P716 – Seminar in Reflective Practices and Mindfulness in Infant, Early Childhood, and Family Mental Health II (2 credits)

This course provides students with continued advancement in reflective practices through discussion of cases, infant and family observations and mindfulness experiences as applied to their work with infants, young children and families. Students are provided with additional practice strategies and increasingly in-depth opportunities for introspection self-awareness and supportive discussion towards greater, clarity and engagement in their work. This will include a greater recognition of the parallel process between the nature of their relationship with a parent and the parent’s relationship with their child. The focus will be on the application of mindfulness strategies and reflective practices to relationship-based therapeutic interventions with families of infants and young children, with a special focus on underserved populations and family circumstances where maternal depression, other mental health and co-morbid substance abuse disorders or trauma experiences (current or past) may contribute to disturbances in the parent-child relationship and the child’s development. The course will also introduce mindfulness strategies that can be offered to parents and young children to reduce stress and increase mindful awareness and attention. In addition, concepts of ethics and boundaries will be integrated into the seminar course throughout the semester. There will also be opportunities for students to reflect upon their experiences in planning and conducting outreach education and consultation on topics related to infant, early childhood and family mental health to programs within their communities. The implications for policy and practice will also be addressed. This course will also include a self-assessment process that will support the students in assessing the appropriate level of endorsement and their readiness to apply for the Wisconsin Alliance for Infant Mental Health Endorsement. The semester concludes with an all-day mindfulness retreat incorporating what was learned over the semester.
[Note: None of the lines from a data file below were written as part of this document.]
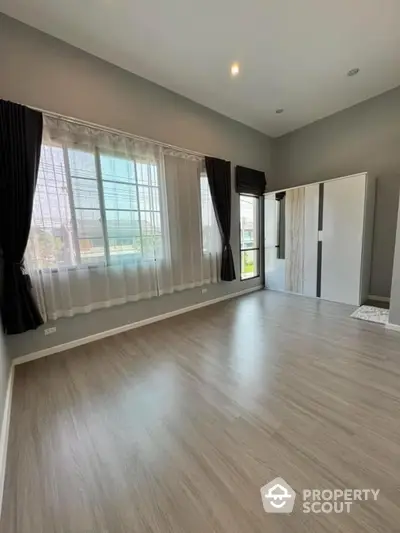 Spacious empty room with large windows and modern flooring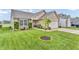 Well-maintained front yard featuring lush green lawn and landscaping, framing a charming home at 10731 Jimmy Lake Dr, Indianapolis, IN 46239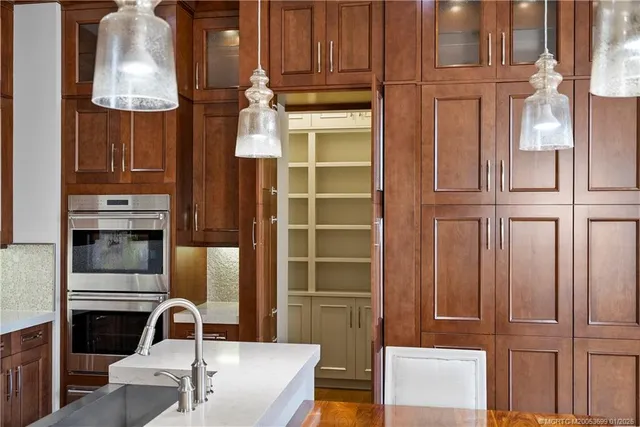 a room with a table chairs and wooden floor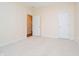 Empty bedroom featuring neutral paint, carpet flooring, and open doorway at 7271 Catboat Ct, Fishers, IN 46038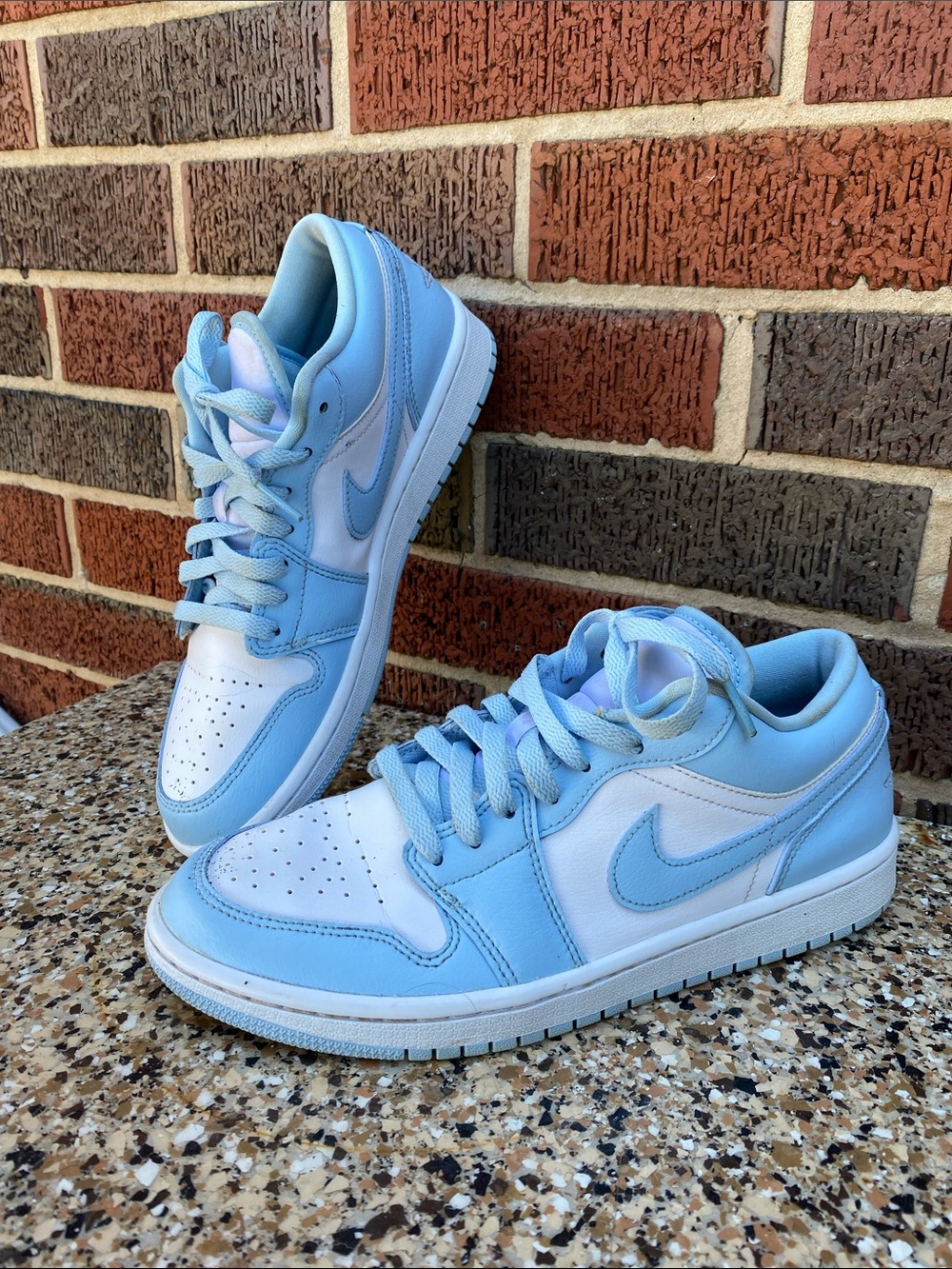 Nike Womenโs Low-Top Sneakers in Light Blue and White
P717 – Consultation in Infant, Early Childhood and Family Mental Health: Advanced Clinical Practice II (1 credit)

This small group and individualized course offers students an opportunity to reflect upon their work with mothers and partners in the prenatal and postpartum period, infants, young children and their families. Course faculty and a senior, clinical consultant will guide students in exploring their individual responses to the literature, course content and issues raised in their work including personal experience and reactions as well reflecting on the parallel process. The intent is to support the student’s professional development in ways that broaden and deepen the effectiveness of their work.